Only a number is wanted here: the count of lines in the entries below that include the word "blue".

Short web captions

+++

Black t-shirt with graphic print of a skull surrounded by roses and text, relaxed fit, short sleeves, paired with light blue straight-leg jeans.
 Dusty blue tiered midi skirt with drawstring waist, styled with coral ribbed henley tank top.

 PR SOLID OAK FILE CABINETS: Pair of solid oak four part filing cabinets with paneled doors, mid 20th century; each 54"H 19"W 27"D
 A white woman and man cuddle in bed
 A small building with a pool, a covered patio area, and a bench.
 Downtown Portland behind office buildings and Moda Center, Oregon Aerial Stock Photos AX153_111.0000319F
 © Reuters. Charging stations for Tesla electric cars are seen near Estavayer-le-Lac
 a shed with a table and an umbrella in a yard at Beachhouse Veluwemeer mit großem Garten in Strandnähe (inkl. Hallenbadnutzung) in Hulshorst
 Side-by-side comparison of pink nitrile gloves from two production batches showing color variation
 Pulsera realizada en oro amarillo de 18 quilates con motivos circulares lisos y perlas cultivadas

+++

● **WRITTEN SOLUTION**
2